Task description —
Repeat only the stretch of lines below that runs from the line with "Grey Hermatite With" through the line with "Schwarze Palmblätter Hochzeit", unaltered.

Data for analysis START

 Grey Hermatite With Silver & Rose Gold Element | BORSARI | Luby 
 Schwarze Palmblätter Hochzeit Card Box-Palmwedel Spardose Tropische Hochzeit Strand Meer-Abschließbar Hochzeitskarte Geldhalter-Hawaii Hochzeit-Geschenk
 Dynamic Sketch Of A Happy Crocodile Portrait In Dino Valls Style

Data for analysis END
Data for analysis START

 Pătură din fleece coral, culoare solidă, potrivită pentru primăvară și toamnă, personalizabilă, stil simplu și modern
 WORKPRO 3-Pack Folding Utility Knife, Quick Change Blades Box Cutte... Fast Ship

Data for analysis END
Data for analysis START

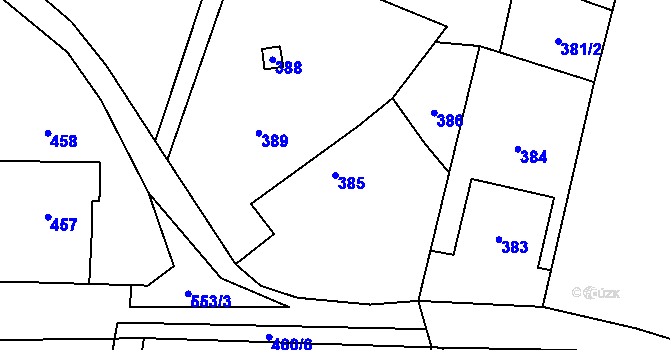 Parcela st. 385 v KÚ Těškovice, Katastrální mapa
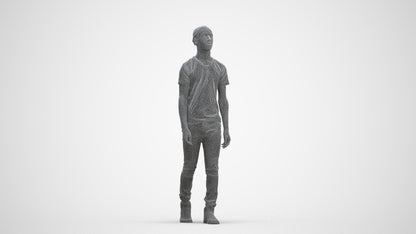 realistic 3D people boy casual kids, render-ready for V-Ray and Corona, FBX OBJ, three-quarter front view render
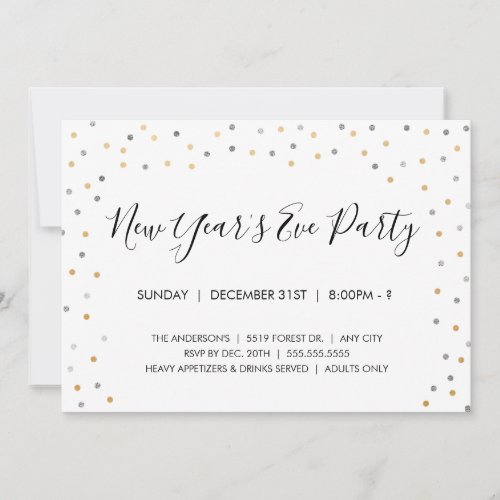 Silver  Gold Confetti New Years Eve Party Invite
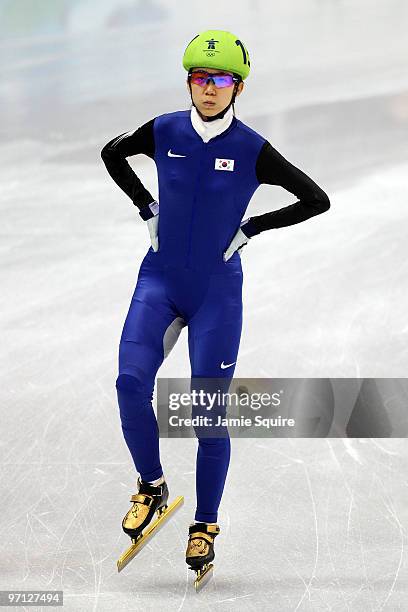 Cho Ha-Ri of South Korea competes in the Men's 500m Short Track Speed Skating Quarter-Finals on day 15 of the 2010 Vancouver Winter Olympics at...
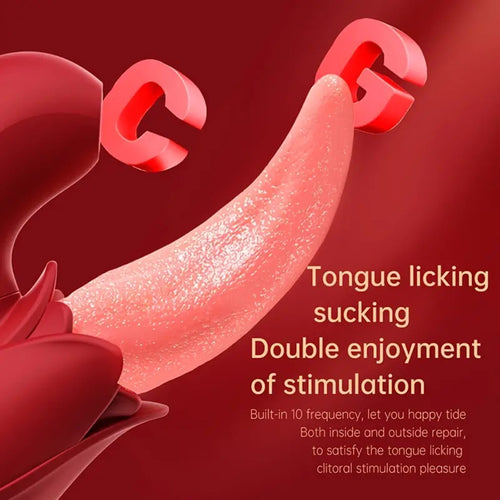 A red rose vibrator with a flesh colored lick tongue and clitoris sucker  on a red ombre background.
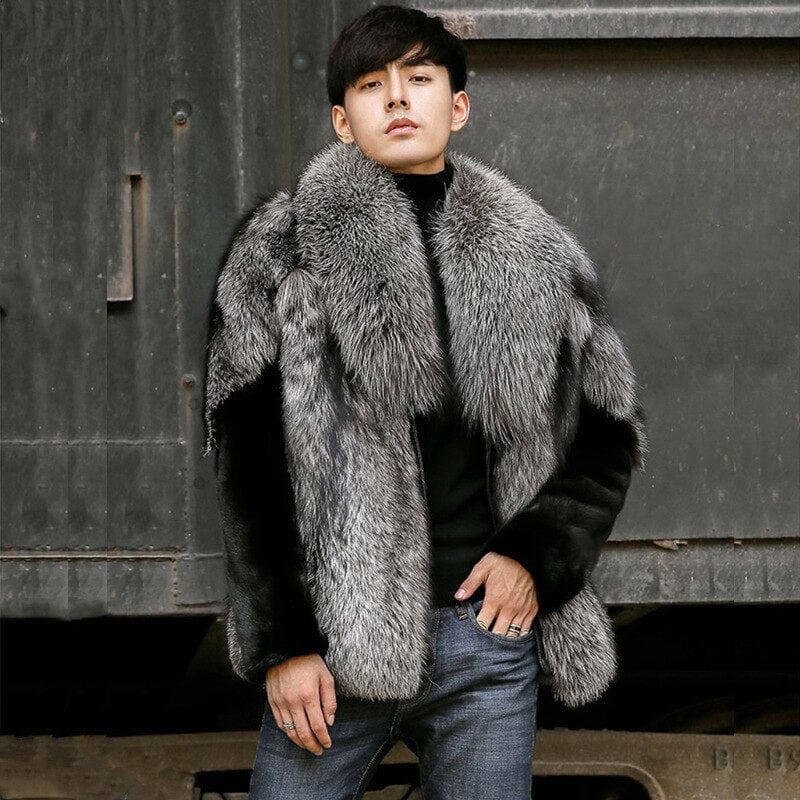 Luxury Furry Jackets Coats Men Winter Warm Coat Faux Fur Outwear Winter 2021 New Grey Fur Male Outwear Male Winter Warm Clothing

Data for analysis END

Answer box —
 Grey Hermatite With Silver & Rose Gold Element | BORSARI | Luby 
 Schwarze Palmblätter Hochzeit Card Box-Palmwedel Spardose Tropische Hochzeit Strand Meer-Abschließbar Hochzeitskarte Geldhalter-Hawaii Hochzeit-Geschenk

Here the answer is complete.